В языкознаньи знаете вы толк…
А я простой советский заключенный,
И мне товарищ – серый брянский волк.
Биографию советского языка он прошел вместе с народом, научившись говорить в 1932-м, учась писать в 37-м, бросив учиться во время войны, сев в тюрьму в 1949-ми благополучно выйдя из лагеря в 53-м дипломированным профессором советского языка. Язык к этому времени состоял из самой жизни, не смущенный и тенью культуры и литературы, но и сама жизнь удержалась лишь в языке, под завязку насыщенном лагерями и новой войною, газетными клише и соцреализмом. Язык этот находился в дописьменном состоянии. На нем все говорили, но никто не писал.

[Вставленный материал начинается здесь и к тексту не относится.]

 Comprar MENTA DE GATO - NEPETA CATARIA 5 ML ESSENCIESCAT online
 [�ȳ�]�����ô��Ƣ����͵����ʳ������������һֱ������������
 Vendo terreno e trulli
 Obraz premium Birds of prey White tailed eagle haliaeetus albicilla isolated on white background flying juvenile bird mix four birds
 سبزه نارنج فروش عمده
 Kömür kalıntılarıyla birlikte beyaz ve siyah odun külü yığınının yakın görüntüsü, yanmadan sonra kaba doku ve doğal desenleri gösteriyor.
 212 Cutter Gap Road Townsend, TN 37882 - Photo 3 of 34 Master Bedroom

И Алешковский начал как сказитель – с устной литературы. Песня. Кроме великой народной песни про «большого ученого» он создал еще ряд, задолго до бардов и моды на них, в частности «Советскую пасхальную», «Советскую лесбийскую» и великий «Окурочек». Это была поэзия, но была и проза. Тоже устная. Хохма, шутка, каламбур, афоризм – застольное «треканье». Для остальных это мог быть разговор, для него – жанр. И в этом жанре он был признан в кругу как гений. Но никто в кругу не заподозрил, что он – мастер, что он – работает, что его потребляют, потребляют не всего лишь просто свойственное нормальному человеку желание нравиться, но плоды его умственного и духовного труда. С годами восторг стал не достаточным гонораром и, осторожно попробовав бумагу в письмах к друзьям, пропустив сквозь душу танки в Чехословакию, Алешковский сел «чирикать» прозу и начал сразу с «романа». Писался этот роман, как посвящался, тем же друзьям, кому и письма.

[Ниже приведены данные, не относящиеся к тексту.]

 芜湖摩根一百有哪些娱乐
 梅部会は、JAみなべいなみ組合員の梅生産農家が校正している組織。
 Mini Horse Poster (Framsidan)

Но и не с романа начал Алешковский, а сразу с памятника литературы. С помощью советской истории столетия развития языка оказались спрессованы в десятилетия, и за пятнадцать лет в одном «отдельно взятом за жопу» Алешковском советский язык прошел свое литературное развитие от песни до рыцарского романа, и советская литература наконец родилась! (В отличие от государственной советской и русской советского периода). Мини-роман «Николай Николаевич» обладает всеми параметрами литературного памятника и по изначальной утрате оригинала, и по необязательности имени автора, и по праву первой ночи регистрации ЖИВАГО языка.
Проза Алешковского песет в себе отпечаток изначального устного жанра – «треканья». Герой, повествуя от «я», рассказывает за бутылкой историю своей жизни невидимому, лишенному дара речи, дебильному собеседнику. Но если и в последующей прозе Алешковский не сумел преодолеть однажды обретенный им жанр и приговоренно за ним следует, то и заслуга его не в жанре, а самая высшая – в языке.
Как бы пояснить, в чем состояло его достижение? В жизни великий готовщик, Алешковский часто прибегает в своих сочинениях к гастрономическим метафорам и уподоблениям. Попробуем и мы. Представьте себе огромный праздничный стол, на котором было накрыто все. Весь опыт человечества разлит по бутылкам, и века ушли на то, чтобы различить и разделить хмель как таковой по бутылкам, развить культуру виноделия. Шампанское, водка, настойки, коньяки, пиво и вина сотен сортов… сколько труда и ума ушло, чтобы определить и отстоять эти дефиниции! Не говоря о культуре потребления всего этого порознь…
Теперь представьте вместо этого изобилия и многообразия одну огромную парашную бочку, куда все это слито, включая и парфюмерию… и мы это поварешкою оттуда хлебаем. Здравые и передовые и свободолюбивые заявляют: так пить нельзя! Так вот, попробуйте разлить эту парашу обратно в бутылки, причем так, чтобы в бутылке из-под шампанского оказалось прежнее шампанское, а из-под пива – пиво и т. д.
Между тем именно этим мы занялись, начиная с оттепели, отделяя соцреализм от государственной литературы, а то и другое от русской, пытаясь воскресить классическую традицию и отделить язык советской газеты, литературный язык, народную речь, жаргон, феню, мат друг от друга, возводя шаткие интеллигентские мостки через исторические провалы – не заметили, как и подморозило вновь. И милый сердцу Никита Сергеевич, стоило пошатнуться да покачнуться на этих мостках, для равновесия – замахнулся на язык (кто подстрекнул?), намереваясь ввести сверхдемократический закон «как слышится, так и пишется», и был смещен за столь крайнюю степень волюнтаризма: загрызла его «мышь» без мягкого знака, закусил им «заяц» через «е».
Алешковский же не стал заниматься безнадежным делом обратной очистки речи, окультуриванием остатних ингредиентов, трезво полагая, что на облагораживание языка уйдут не отпущенные ему столетия отнятой у него до рождения культуры, – он взболтал как следует всю эту тошнотворную смесь и выгнал из нее свой первач, по крепости не уступающий царской водке, и растворил в ней свой опыт советского бытия. Пить этого нельзя, но лечиться можно. Главным препятствием Алешковского на пути к советской публикации в эпоху гласности является злоупотребление крепкими выражениями, проще – матом. А так, все остальное вроде бы и можно – все уже разоблачено и даже отчасти осуждено. Но – не проклято! А как же проклясть? Ставя точки, что ли?
Дело в том, что язык Алешковского однороден, слова у него равноправны, и употребление советской фразеологии на его страницах куда более непотребно и похабно звучит, чем вульгарные жаргон и феня. Благородные же кристаллы мата, единственной природной и принадлежной части русского языка, сохранившейся в советском языке, продолжают слать нам свет человеческой речи, как погасшие звезды во мраке планетария.